Labour’s blind panic over a surge in membership is unedifying

21 Aug 2015

To say that the Labour party machine is terrified by the surge of support for Jeremy Corbyn would be an understatement. So it has allowed itself to be influenced by hysterical Labour MPs claiming that support for Corbyn can only be the result of “entryism”. Hence the current cack-handed attempts to purge the voting lists of new members whom officials suspect of the thought crime of intending to vote for Corbyn.

My office has been flooded with complaints. People are being called by the Labour party and asked straight out if they have registered to vote for Corbyn. In particular, people want to know what the Labour party values are that people are being vetted against. War on Iraq? Tuition fees? Abstaining on the benefits cap? Nobody knows.

One woman was rejected because she criticised the immigration mug, and said the Green party mug was better. Another individual was a student Respect party organiser seven years ago. Another individual, who had lived at the same address for 30 years and had been on the electoral register, was rejected for not being on the electoral register.

Many other cases have been documented by news outlets. And on top of everything else, if those who paid £3 in order to have a vote are rejected, there is no indication that their money will be refunded.

The first thing to say about the new system of paying to register to vote for the party leader is that this was not imposed on the Labour party by Harriet Harman or any other individual. It was introduced as a result of the 2013 Collins review. This resulted in a national conference in 2014, where the whole Labour party debated and then adopted the new procedures.

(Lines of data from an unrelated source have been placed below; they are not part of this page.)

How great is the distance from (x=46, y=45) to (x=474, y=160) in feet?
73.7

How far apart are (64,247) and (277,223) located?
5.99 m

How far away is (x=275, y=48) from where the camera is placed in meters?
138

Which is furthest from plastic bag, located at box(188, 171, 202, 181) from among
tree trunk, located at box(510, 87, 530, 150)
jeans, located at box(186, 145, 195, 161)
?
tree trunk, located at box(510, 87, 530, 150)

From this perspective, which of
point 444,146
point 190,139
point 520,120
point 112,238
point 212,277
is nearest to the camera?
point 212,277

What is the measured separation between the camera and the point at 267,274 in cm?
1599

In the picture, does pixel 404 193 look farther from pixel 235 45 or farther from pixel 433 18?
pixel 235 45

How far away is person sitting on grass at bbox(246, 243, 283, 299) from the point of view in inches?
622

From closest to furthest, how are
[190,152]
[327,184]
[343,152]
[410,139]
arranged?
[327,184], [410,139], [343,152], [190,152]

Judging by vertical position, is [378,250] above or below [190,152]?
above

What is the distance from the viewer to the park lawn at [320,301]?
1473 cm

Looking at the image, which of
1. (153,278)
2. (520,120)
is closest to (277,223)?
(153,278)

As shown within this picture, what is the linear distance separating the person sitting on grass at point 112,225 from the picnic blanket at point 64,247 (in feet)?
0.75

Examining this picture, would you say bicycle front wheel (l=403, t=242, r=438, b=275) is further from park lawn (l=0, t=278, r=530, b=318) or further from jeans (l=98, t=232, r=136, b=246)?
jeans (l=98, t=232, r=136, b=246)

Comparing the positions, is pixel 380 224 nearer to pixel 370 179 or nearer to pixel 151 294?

So the people who are now squealing to high heaven that the process is fatally flawed had two whole years to point this out. The suspicion must be that they are complaining now only because they are panicking that their side will lose in the current elections.

It is also worth pointing out that the idea that previous membership of another party automatically debars you from joining the Labour party is a novel one. A stream of Tory MPs defected to Labour in the Blair years. Not only is there no evidence that they were vetted as to whether they now subscribed to Labour party aims and values, but some – such as Shaun Woodward – were parachuted into safe Labour seats. Woodward was a former director of communications for the Tory party, a Tory MP for four years and a member of the Conservative party for over a decade. None of this stood in the way of his joining the Labour party straightaway.

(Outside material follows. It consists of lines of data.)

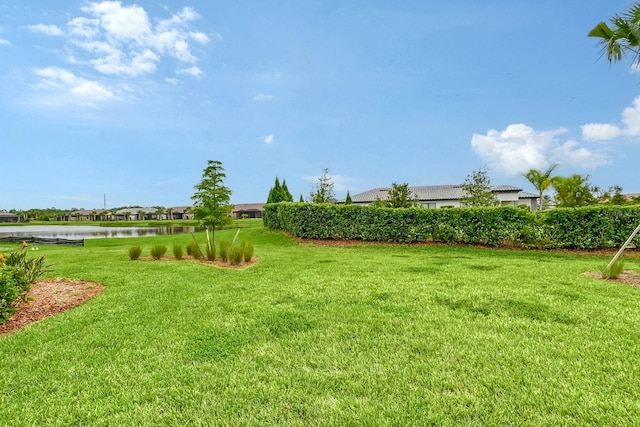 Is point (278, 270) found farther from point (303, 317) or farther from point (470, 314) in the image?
point (470, 314)

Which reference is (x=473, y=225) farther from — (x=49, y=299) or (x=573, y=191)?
(x=573, y=191)

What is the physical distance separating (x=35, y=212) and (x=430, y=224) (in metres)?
126

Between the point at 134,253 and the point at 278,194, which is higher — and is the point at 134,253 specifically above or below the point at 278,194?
below

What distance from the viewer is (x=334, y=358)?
3348mm

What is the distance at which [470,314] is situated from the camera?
4.66 meters

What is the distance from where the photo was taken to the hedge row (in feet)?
42.1

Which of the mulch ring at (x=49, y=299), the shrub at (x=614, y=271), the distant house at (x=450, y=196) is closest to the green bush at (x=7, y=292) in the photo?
the mulch ring at (x=49, y=299)

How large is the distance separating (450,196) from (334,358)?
37.1 m

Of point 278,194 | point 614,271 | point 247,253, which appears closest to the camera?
point 614,271

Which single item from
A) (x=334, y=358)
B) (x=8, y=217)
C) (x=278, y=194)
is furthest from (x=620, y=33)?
(x=8, y=217)

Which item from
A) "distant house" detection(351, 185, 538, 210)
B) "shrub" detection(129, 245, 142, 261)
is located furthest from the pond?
"distant house" detection(351, 185, 538, 210)

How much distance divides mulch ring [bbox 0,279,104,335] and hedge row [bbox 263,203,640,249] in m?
11.0

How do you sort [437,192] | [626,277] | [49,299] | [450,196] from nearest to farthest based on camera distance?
[49,299] < [626,277] < [450,196] < [437,192]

Finally, it is simply not true that the support for Corbyn is all about “entryism”. My former constituent Luke Akehurst is a fierce opponent of Corbynism and the causes of Corbynism. But he has demolished the argument that the problem with the leadership contest is mass “entryism”.

Many of the new members either joining or registering to vote are enthusiastic young people and older people who left the Labour party disillusioned in the Iraq years. The idea that the party’s response to large numbers of new members is to go into a blind panic is sad. If we are to build a mass party, whoever the leader, we will need a more constructive approach than that.